Alors, il quitta sa paillasse, et rajusta sa robe de laine .

Certainement, mâtine avait  sonné, car le dortoir voûté en coque de bateau était vide, totalement.

Il noua la cordelette autour de sa taille, et s’élança pieds nus sur les dalles gelées.

Il courut à travers la longue pièce, pour arriver au bout .Il courut, il courut, il courut, tellement vite qu’il faillit trébucher. En ce  mois de décembre, la nuit durait longtemps .Un voile d’obscurité recouvrait le dortoir, si bien qu’il ne pouvait rien voir .

Rien  du tout. Rien sauf, là-bas, tout au bout, tout au bout, derrière la porte, la lumière .

Il courut , il courut , il courut ,pour arriver au bout .Mais , en passant la porte, il s’aperçut qu’il était déjà aux cuisines. Sans s’en être rendu compte, il avait descendu les escaliers, traversé le couloir, franchi les portes du cellier, et se trouvait maintenant devant la grande échelle qui menait au grenier . Ce n’était pas sérieux, en ces temps de disette, de laisser l’échelle, comme ça, traîner devant la trappe. La nuit était longue pour les affamés qui se pressaient, tous les jours plus nombreux , devant les portes du couvent. La nuit, ce n’était pas comme la journée, la nuit, n’importe qui pouvait entrer! Alors cette échelle, là, juste devant la trappe éclairée! Un véritable appel au vice!
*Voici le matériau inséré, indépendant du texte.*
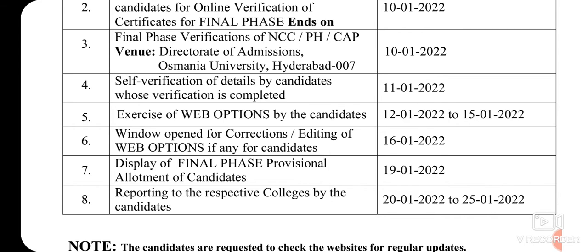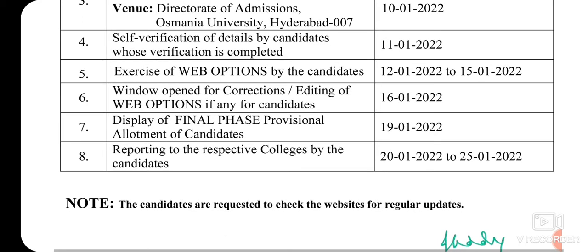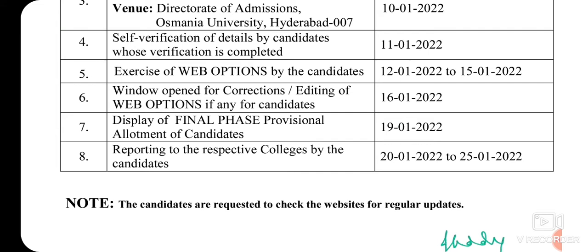NCC, PH and CAP — direct rate of admissions, Osmania University — final phase ki sambandhiamchi. NCC, PH and special categories ki certificate verification and physical verification January 10th roju jarugutundi. January 12th to January 15th varaku web options untayi final phase ki sambandhiamchi.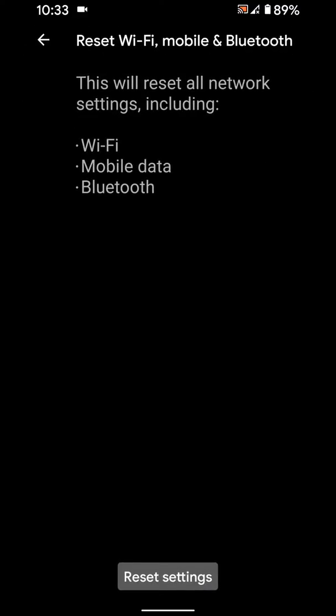This will reset all your network settings including WiFi, network, mobile data, Bluetooth pen. Tap on Reset Settings.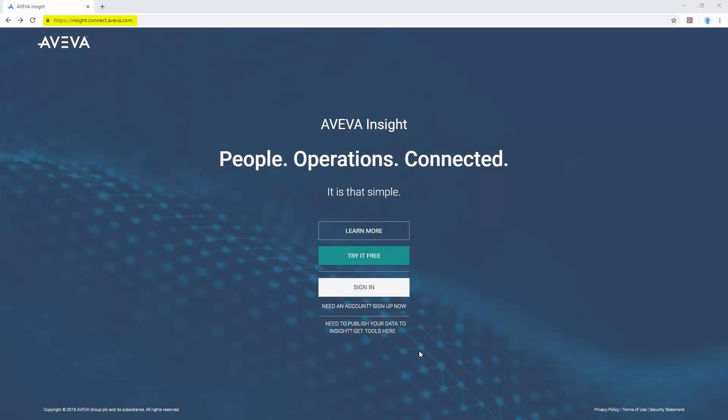To start converting your data into Insights, head over to the website at insight.connect.aveva.com and try it free today.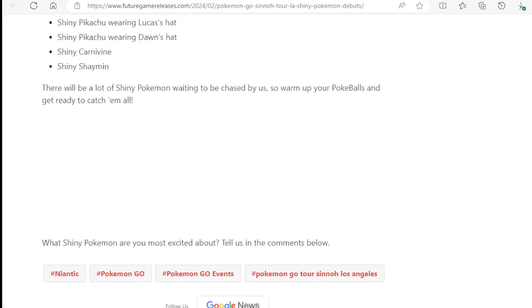There will be a lot of Shiny Pokemon waiting to be chased by us. So warm up your Pokeballs and get ready to catch them all. What Shiny Pokemon are you most excited for, most excited about? Tell us in the comments below.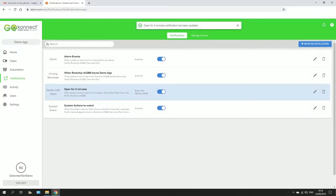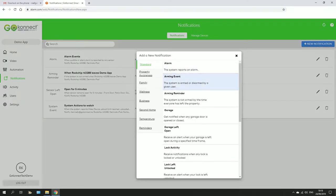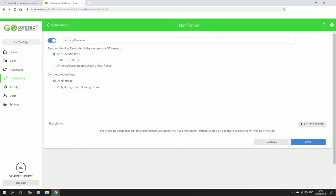To make a new notification, come up into this top right corner here, click new notification, and say you want to set an arming reminder. So it's just a message you get to your phone to remind you to arm your system. Click here.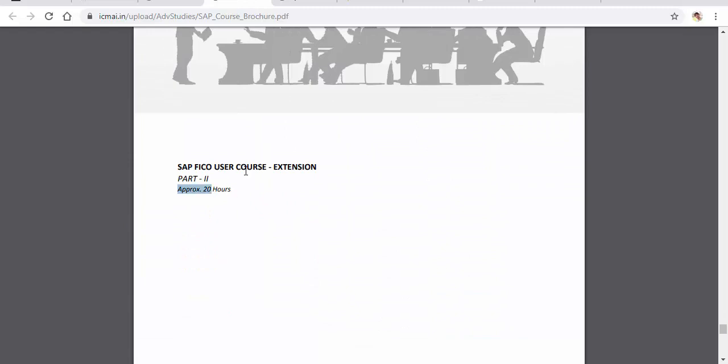The other 20 hours will be for extension content, which will be based on the course structure currently designed for the first batch of this SAP course.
Est-ce par vice qu’il voulut y monter ?

Ce n’était pas le chemin le plus court pour rejoindre l’abbatiale dont, toujours très graves, les cloches teintaient .Pourtant, il voulut y monter , et s’approcha à tâtons du halo scintillant que dessinait sur le plancher la lumière qui sortait par la trappe du grenier. C’est alors qu’un grognement furieux déchira le silence. Un énorme chien noir était devant l’échelle. Il ne voyait ni son corps, ni ses yeux, seulement sa gueule, ouverte comme une porte hérissée de poignards .

La gueule, ouverte, comme une porte.

« Une porte assassine ! »  pensa-t-il  « la porte de l’enfer ! » et il fit demi tour, pas longtemps, juste quelques pas .

Il était différent de  tous ces pauvres bougres moinillons de cellier : c’était un fin lettré , un moine régulier , un  copiste averti , et songeant  qu’Aristote l’eut trouvé en cet instant moins tempéré  qu’exagérément prudent , il se ravisa et décida d’affronter tout bonnement ce chien étrange avant qu’il n’aille dévorer  quelque viande séchée stockée dans le cellier . Après tout aucune bête du diable n’avait jamais empêché un bon chrétien de passer . Il était pressé, la cloche teintait .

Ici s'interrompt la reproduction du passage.